Whereas absolute measures illustrate social stratification, relative measures highlight income inequality. Used widely in Europe, relative thresholds measure poverty as percentage of median income, e.g. 50 percent. Relative measures move in step with economic trends and reflect changes in the standard of living; however, defining poverty as a measure of relative disadvantage, there will always be a segment of the population that is considered poor, regardless of actual levels of wealth.
When compared cross-nationally, the USA has high rates of both absolute and relative poverty, signaling a wide income disparity and real income inadequacy. Three factors, demographic changes, economic activity, and government transfers contribute to the size of the poverty population. The number of single-mother (often minority) families has grown significantly since the 1960s and they have disproportionately high rates of poverty, leading to a so-called ”feminization of poverty.” While demographic changes have contributed to the widening income disparity, low wages and limited public benefits largely account for the size of the low-income population. The USA favors a market-based approach to poverty reduction in which policies enable individuals to ”earn” their way out of poverty rather than to redistribute income, per se. The central ethos of a capitalist market is to maximize profits and minimize wages, so employment alone may not provide sufficient resources for low-wage workers to escape poverty; in Scandinavian countries, strong safety net policies are effective in bridging the gap between earned income and the poverty line.

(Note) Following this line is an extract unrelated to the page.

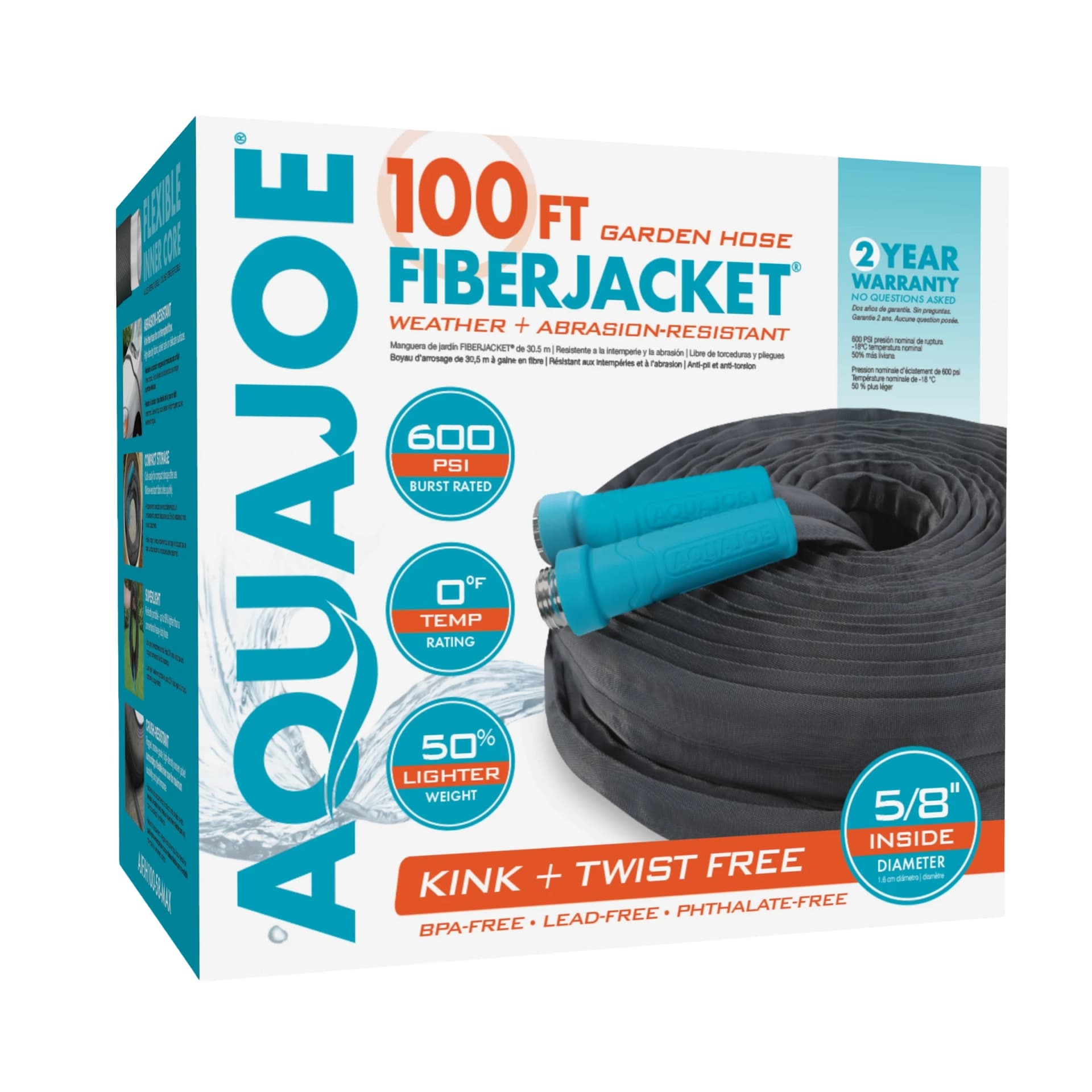 Opakowanie węża ogrodowego AquaJoe FiberJacket 100 ft (30 m) 5/8 cala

The failure of the economic prosperity of the 1990s to dramatically reduce poverty has reinvigorated cultural theories of poverty that argue that there is an ”underclass” culture which eschews mainstream values, and transmits poverty intergenerationally through the reliance on government support, reduced labor force participation, and single-mother households. While cultural theories focus on individual behavior, other models assert the importance of structural factors and societal stratification, such as discrimination, segregation, and the availability of jobs in limiting opportunities to escape poverty.
According to the World Bank (2001), there are five keys to reducing poverty: promoting opportunity by stimulating economic growth; making the market work for poor people; enabling poor people to build assets; making state and social institutions more responsive to poor people; protecting people against the shock of economic crises, natural disasters, war, and illness.
Bibliography:
- World Bank (2001) World Development Report 2000/ 2001: Attacking Poverty. Oxford University Press, Oxford.
- Danizer, S. & Haveman, R. (2001) Understanding Poverty. Harvard University Press, Cambridge, MA.
- Iceland, J. (2003) Poverty in America. University of California Press, Berkeley, CA.
- Sen, A. (1999) Development as Freedom. Alfred A. Knopf, New York.